*Problem to solve*
Retype exactly what appears below from the line containing "TBBC Peter Pan Shirt Woven LS White/Red" down to the line containing "prevent light leakage.", keeping both end lines. Do not include pictures.

*Supplied records*
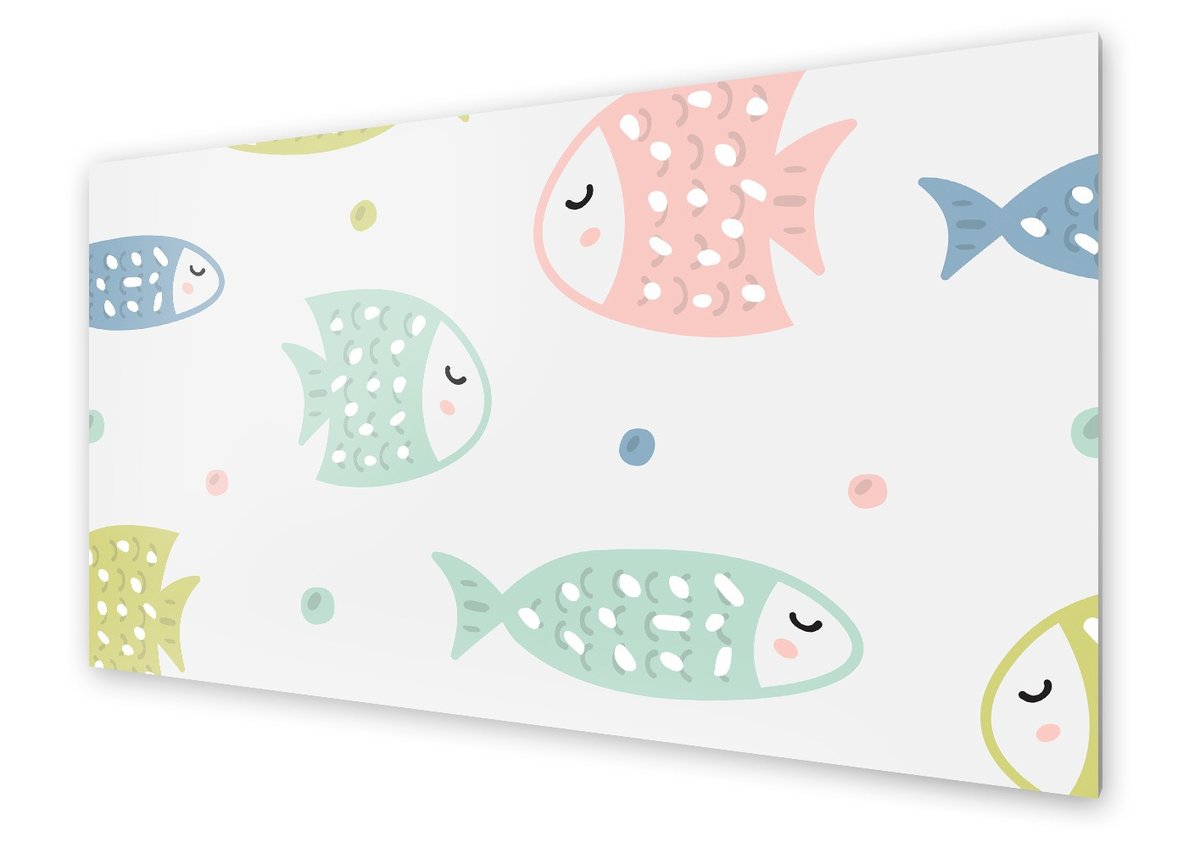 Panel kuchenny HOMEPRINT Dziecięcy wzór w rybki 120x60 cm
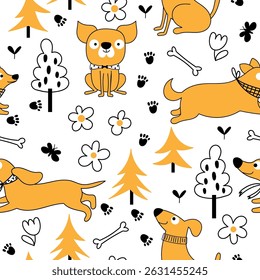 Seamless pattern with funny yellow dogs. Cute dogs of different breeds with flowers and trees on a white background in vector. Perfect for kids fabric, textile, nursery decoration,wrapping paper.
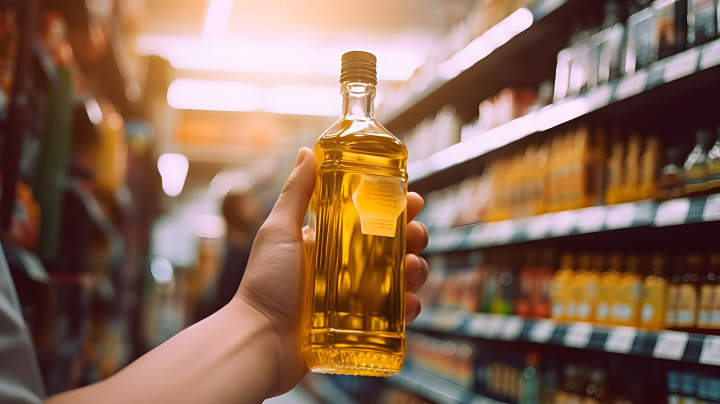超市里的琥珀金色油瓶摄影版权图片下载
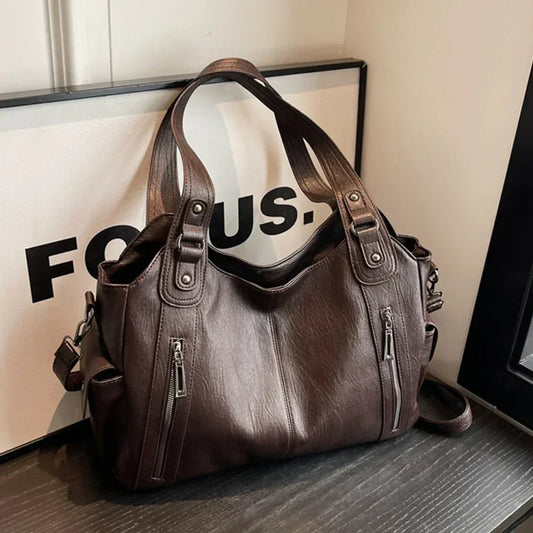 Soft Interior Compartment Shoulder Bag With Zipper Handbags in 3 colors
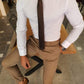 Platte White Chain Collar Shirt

==

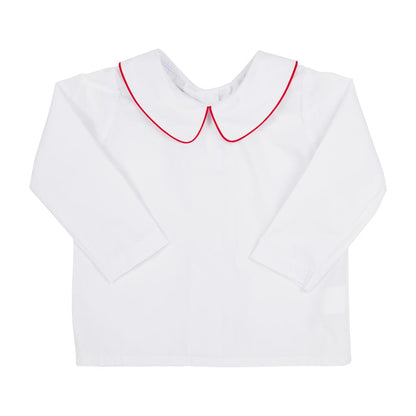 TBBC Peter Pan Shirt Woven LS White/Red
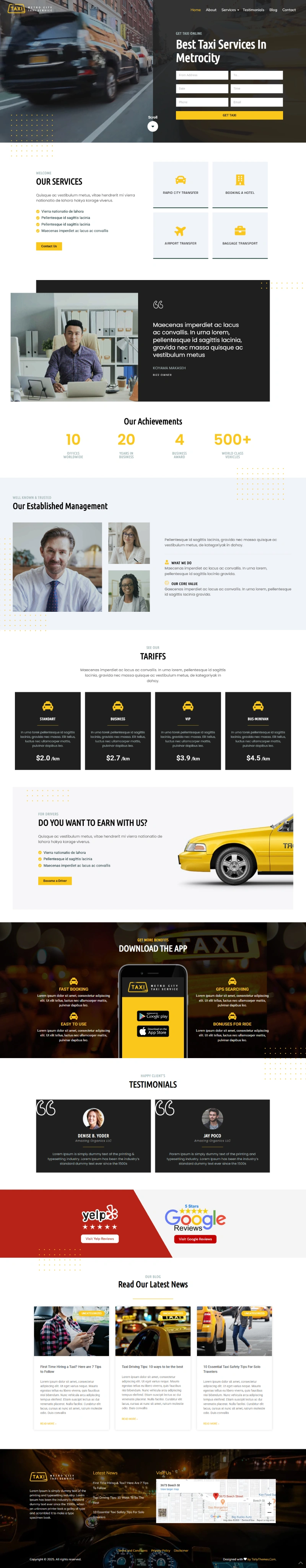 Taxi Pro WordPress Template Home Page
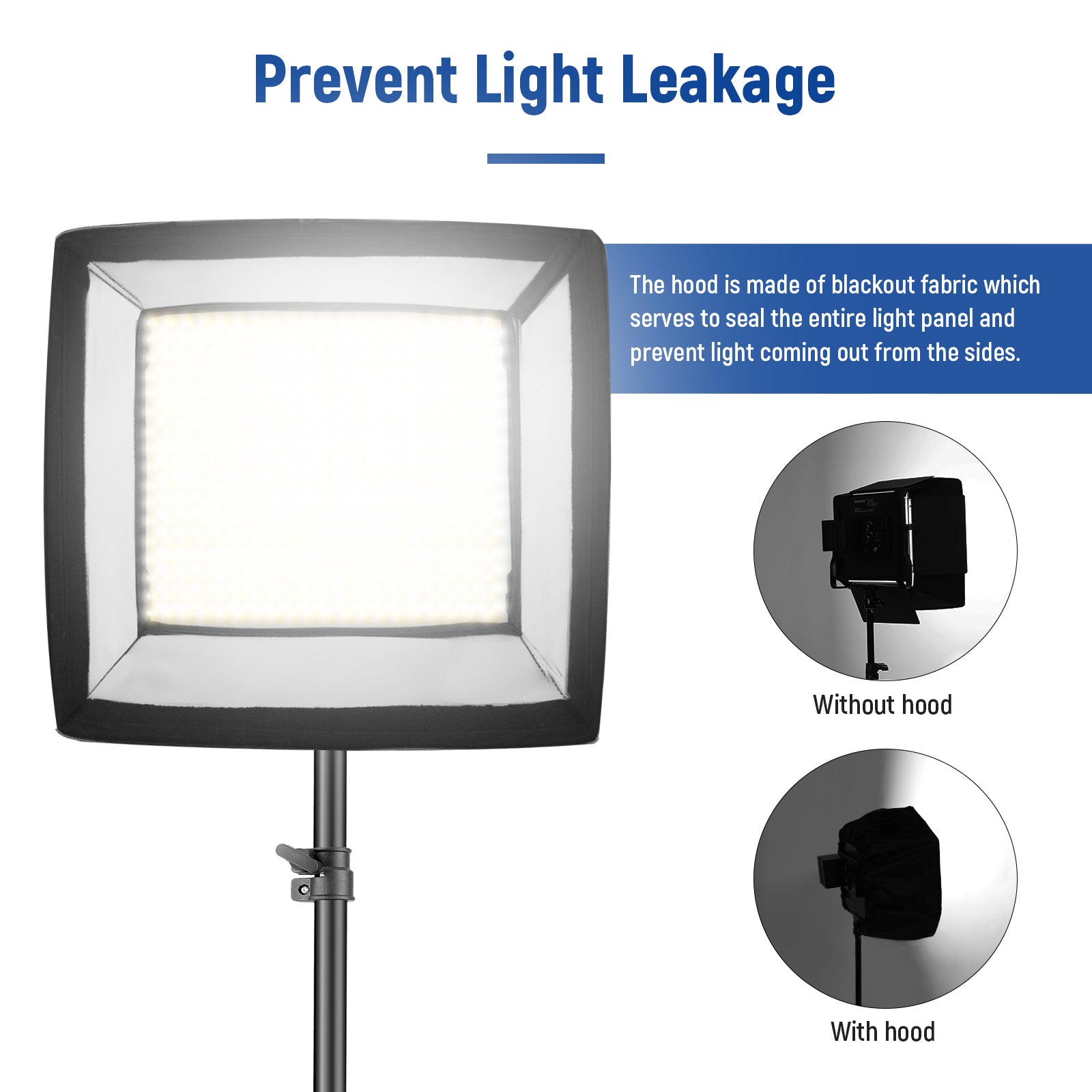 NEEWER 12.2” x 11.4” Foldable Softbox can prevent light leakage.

*Solution to this problem*
 TBBC Peter Pan Shirt Woven LS White/Red
 Taxi Pro WordPress Template Home Page
 NEEWER 12.2” x 11.4” Foldable Softbox can prevent light leakage.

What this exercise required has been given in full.